* **Problem statement**:
Starting with the first line and ending with the one that holds "Click Here To", retype the entries exactly.

* **Exercise inputs**:
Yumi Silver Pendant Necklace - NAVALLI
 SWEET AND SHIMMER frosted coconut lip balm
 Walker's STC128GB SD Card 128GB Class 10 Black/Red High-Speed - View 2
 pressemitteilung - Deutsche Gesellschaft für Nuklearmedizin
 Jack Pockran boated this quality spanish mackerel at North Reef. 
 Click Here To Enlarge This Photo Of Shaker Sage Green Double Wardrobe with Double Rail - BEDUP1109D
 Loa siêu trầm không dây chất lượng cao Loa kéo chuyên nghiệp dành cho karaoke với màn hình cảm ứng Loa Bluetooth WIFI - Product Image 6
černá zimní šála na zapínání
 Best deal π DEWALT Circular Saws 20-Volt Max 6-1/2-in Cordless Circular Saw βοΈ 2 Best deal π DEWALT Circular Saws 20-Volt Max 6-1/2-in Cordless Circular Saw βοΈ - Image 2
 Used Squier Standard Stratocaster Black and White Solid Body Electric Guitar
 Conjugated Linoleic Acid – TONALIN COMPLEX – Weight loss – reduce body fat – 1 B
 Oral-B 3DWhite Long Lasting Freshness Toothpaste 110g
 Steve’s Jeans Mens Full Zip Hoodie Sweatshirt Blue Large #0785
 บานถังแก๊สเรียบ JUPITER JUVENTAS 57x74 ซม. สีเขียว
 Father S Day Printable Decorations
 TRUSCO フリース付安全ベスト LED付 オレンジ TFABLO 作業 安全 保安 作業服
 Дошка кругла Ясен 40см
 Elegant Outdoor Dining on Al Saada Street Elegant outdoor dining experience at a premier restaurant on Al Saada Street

* **Exercise output**:
Yumi Silver Pendant Necklace - NAVALLI
 SWEET AND SHIMMER frosted coconut lip balm
 Walker's STC128GB SD Card 128GB Class 10 Black/Red High-Speed - View 2
 pressemitteilung - Deutsche Gesellschaft für Nuklearmedizin
 Jack Pockran boated this quality spanish mackerel at North Reef. 
 Click Here To Enlarge This Photo Of Shaker Sage Green Double Wardrobe with Double Rail - BEDUP1109D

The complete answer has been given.